What is criti-hype -- and why does it matter for AI?

Credit goes to my friend Cory Doctorow for introducing me to criti-hype, a word and concept he uses often in his writing, though it's not as well-known as the word and concept he himself coined.

Criti-hype is the other side of hype. Where hype makes glorious promises for the benefits of technology, criti-hype warns the technology is an existential threat. Hype and criti-hype serve the same goal: Give the people delivering the message money, and plenty of it, to either deliver on the promise or protect you from the threat. And if a new technology is powerful enough to pose a catastrophic danger, gosh, wouldn't it be great if you licensed that technology so it was working for you?

Vinsel cites several examples of criti-hype, including this outstanding example of sober science journalism:

AI traffics in both flavors of hype. Champions claim AI will give us eternal life, cure cancer or deliver fully autonomous self-driving telco networks (granted, two of these things are more important than the third). The most extreme warnings, meanwhile, claim that AI threatens to take all our jobs or kill everyone.

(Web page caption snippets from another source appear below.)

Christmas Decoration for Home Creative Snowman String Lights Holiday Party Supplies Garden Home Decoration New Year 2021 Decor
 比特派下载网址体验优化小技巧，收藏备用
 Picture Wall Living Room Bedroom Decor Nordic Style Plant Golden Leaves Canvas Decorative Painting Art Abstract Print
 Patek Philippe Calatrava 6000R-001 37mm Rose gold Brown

AI has real benefits and costs. At Fierce Network, we've written at length about AI's vast potential for telco network automation and customer service. AI is great for BSS/OSS and other back-office work. Agentic AI is potentially revolutionary, disrupting business the way the internet and mobile did.

And AI also carries real threats -- job displacement and driving down wages. AI drives a data center boom, bringing pollution, wasted power and water, and community backlash.

Both hype and criti-hype make it much harder to discuss real benefits and costs. You can't hear yourself think over the shouting.

What Anthropic claims about Mythos and Project Glasswing

Anthropic's Project Glasswing, announced Tuesday, smells like both hype and criti-hype.

Glasswing is an initiative comprising a dozen top companies in the tech industry: Amazon Web Services, Anthropic, Apple, Broadcom, Cisco, CrowdStrike, Google, JPMorgan Chase, the Linux Foundation, Microsoft, Nvidia and Palo Alto Networks "in an effort to secure the world's most critical software."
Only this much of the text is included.